The records Block Start

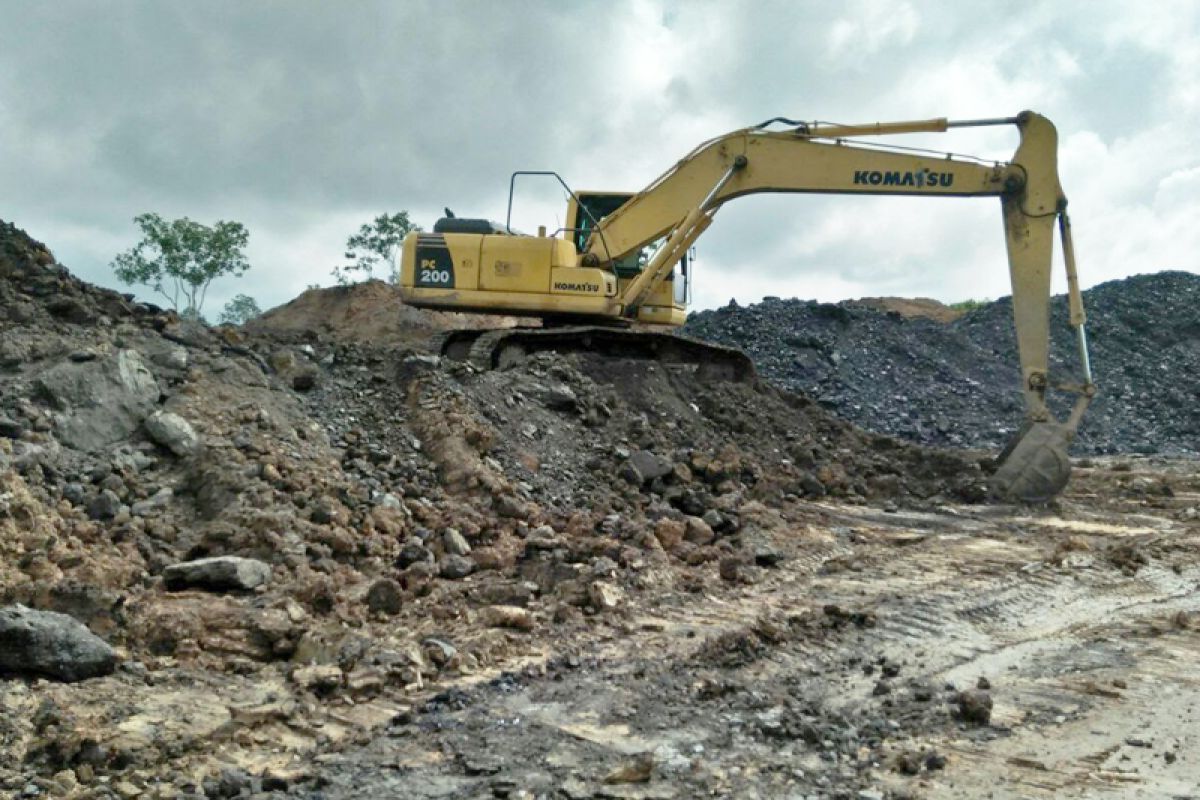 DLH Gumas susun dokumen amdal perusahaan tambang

The records Block End
The records Block Start

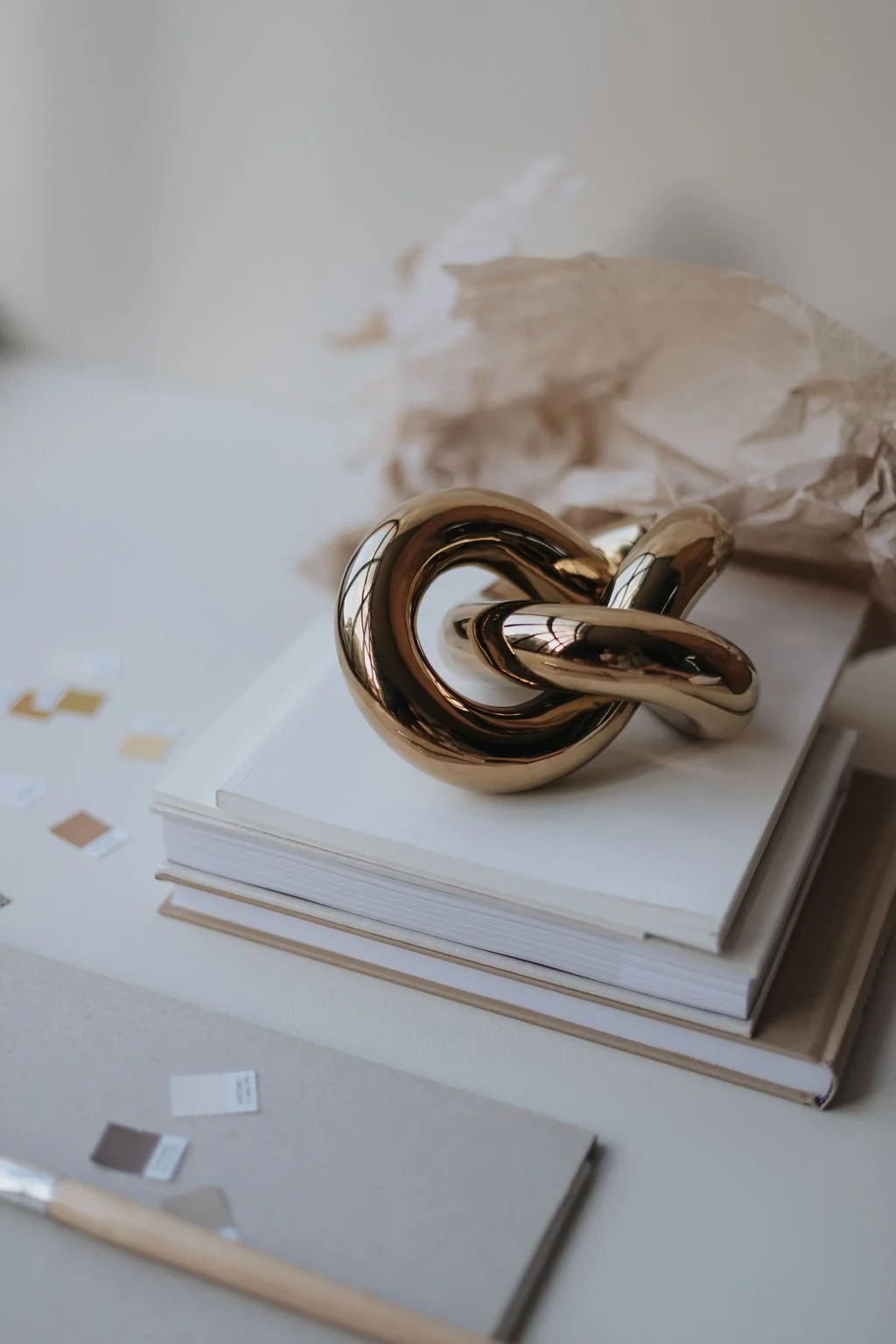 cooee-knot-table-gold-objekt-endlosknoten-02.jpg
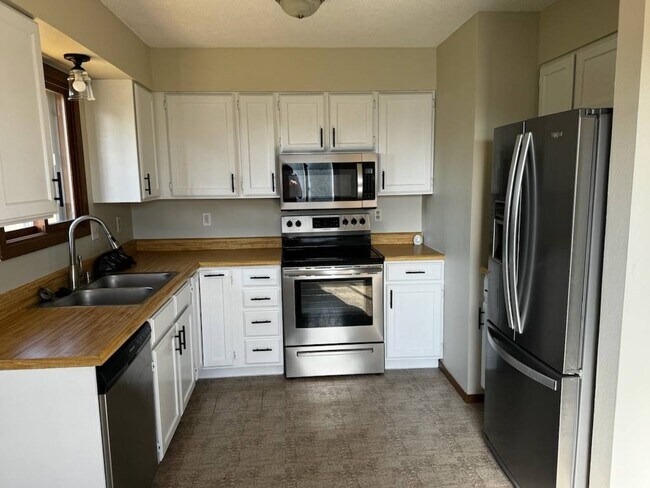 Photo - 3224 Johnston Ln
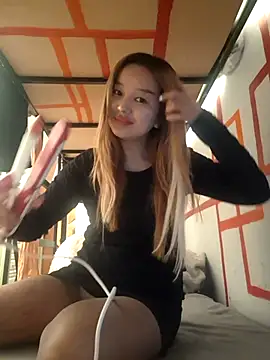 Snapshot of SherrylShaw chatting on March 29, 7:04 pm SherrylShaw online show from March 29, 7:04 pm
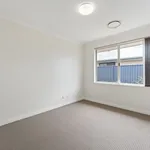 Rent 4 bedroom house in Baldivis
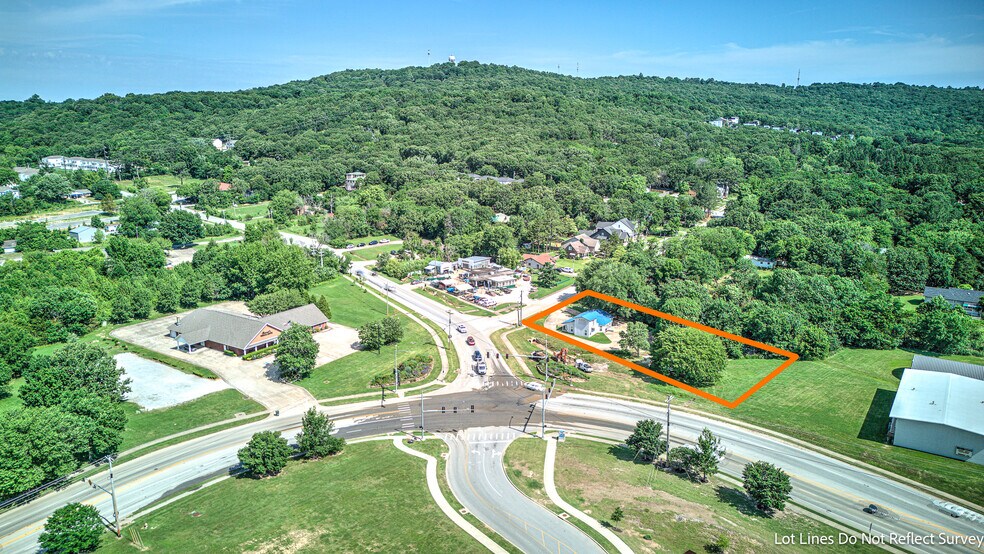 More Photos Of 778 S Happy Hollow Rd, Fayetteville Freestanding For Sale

The records Block End
The records Block Start

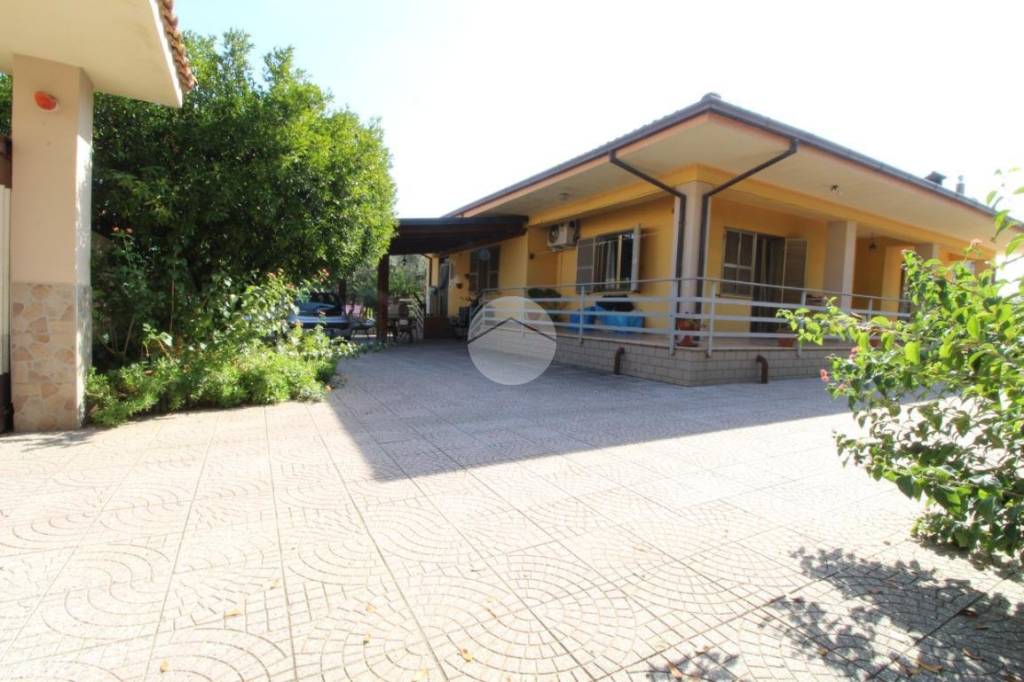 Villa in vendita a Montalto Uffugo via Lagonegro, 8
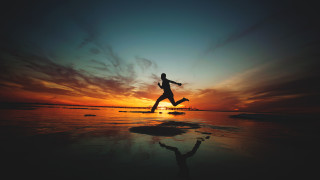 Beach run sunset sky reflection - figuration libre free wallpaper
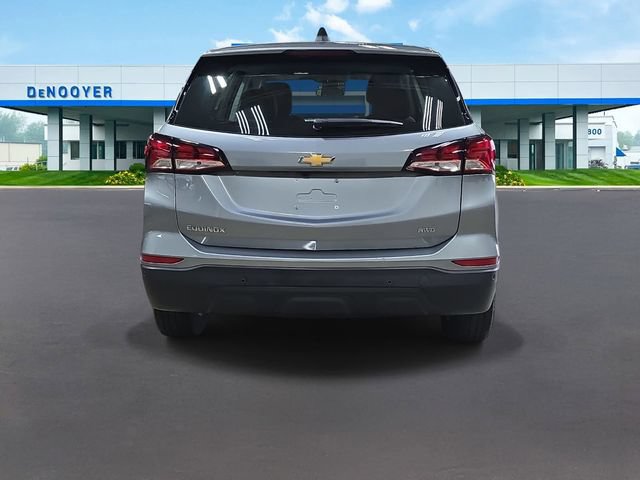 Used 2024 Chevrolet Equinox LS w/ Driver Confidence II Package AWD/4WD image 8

The records Block End

What to produce: What lines above run from the one with "Beach run sunset" to the one with "Used 2024 Chevrolet"? Give them again exactly, ends included, and leave the pictures out.

Problem solution:
 Beach run sunset sky reflection - figuration libre free wallpaper
 Used 2024 Chevrolet Equinox LS w/ Driver Confidence II Package AWD/4WD image 8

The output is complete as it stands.